ABOUT THIS EXERCISE:
Return the data that follows exactly, with each line intact.

INFORMATION SUPPLIED:
————

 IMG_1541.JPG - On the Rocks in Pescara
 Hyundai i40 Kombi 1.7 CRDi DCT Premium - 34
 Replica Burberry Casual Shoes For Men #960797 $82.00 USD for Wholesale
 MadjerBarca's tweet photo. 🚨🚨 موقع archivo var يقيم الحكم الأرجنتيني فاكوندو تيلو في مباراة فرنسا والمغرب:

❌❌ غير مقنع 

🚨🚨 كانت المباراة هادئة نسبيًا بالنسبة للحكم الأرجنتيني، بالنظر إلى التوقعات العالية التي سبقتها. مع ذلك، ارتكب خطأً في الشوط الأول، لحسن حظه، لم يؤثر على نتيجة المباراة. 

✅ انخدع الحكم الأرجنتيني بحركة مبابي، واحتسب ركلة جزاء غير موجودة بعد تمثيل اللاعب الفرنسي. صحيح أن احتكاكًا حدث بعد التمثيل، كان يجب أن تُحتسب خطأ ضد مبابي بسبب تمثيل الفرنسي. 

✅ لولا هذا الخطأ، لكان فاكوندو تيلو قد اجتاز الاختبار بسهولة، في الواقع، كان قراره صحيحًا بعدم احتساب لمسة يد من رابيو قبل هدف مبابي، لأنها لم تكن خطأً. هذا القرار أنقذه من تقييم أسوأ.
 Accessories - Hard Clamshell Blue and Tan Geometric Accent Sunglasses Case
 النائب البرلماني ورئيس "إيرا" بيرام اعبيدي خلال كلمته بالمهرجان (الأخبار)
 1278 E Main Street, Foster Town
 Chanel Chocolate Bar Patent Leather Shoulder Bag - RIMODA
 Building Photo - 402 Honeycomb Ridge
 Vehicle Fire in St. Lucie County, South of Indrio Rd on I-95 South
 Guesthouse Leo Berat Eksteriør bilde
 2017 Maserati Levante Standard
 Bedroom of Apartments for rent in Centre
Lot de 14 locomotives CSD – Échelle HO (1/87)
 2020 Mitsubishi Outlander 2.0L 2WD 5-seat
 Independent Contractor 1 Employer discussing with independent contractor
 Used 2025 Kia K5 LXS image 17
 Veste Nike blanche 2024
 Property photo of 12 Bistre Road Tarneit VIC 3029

————

SOLUTION TO THIS PROBLEM:
 IMG_1541.JPG - On the Rocks in Pescara
 Hyundai i40 Kombi 1.7 CRDi DCT Premium - 34
 Replica Burberry Casual Shoes For Men #960797 $82.00 USD for Wholesale
 MadjerBarca's tweet photo. 🚨🚨 موقع archivo var يقيم الحكم الأرجنتيني فاكوندو تيلو في مباراة فرنسا والمغرب:

❌❌ غير مقنع 

🚨🚨 كانت المباراة هادئة نسبيًا بالنسبة للحكم الأرجنتيني، بالنظر إلى التوقعات العالية التي سبقتها. مع ذلك، ارتكب خطأً في الشوط الأول، لحسن حظه، لم يؤثر على نتيجة المباراة. 

✅ انخدع الحكم الأرجنتيني بحركة مبابي، واحتسب ركلة جزاء غير موجودة بعد تمثيل اللاعب الفرنسي. صحيح أن احتكاكًا حدث بعد التمثيل، كان يجب أن تُحتسب خطأ ضد مبابي بسبب تمثيل الفرنسي. 

✅ لولا هذا الخطأ، لكان فاكوندو تيلو قد اجتاز الاختبار بسهولة، في الواقع، كان قراره صحيحًا بعدم احتساب لمسة يد من رابيو قبل هدف مبابي، لأنها لم تكن خطأً. هذا القرار أنقذه من تقييم أسوأ.
 Accessories - Hard Clamshell Blue and Tan Geometric Accent Sunglasses Case
 النائب البرلماني ورئيس "إيرا" بيرام اعبيدي خلال كلمته بالمهرجان (الأخبار)
 1278 E Main Street, Foster Town
 Chanel Chocolate Bar Patent Leather Shoulder Bag - RIMODA
 Building Photo - 402 Honeycomb Ridge
 Vehicle Fire in St. Lucie County, South of Indrio Rd on I-95 South
 Guesthouse Leo Berat Eksteriør bilde
 2017 Maserati Levante Standard
 Bedroom of Apartments for rent in Centre
Lot de 14 locomotives CSD – Échelle HO (1/87)
 2020 Mitsubishi Outlander 2.0L 2WD 5-seat
 Independent Contractor 1 Employer discussing with independent contractor
 Used 2025 Kia K5 LXS image 17
 Veste Nike blanche 2024
 Property photo of 12 Bistre Road Tarneit VIC 3029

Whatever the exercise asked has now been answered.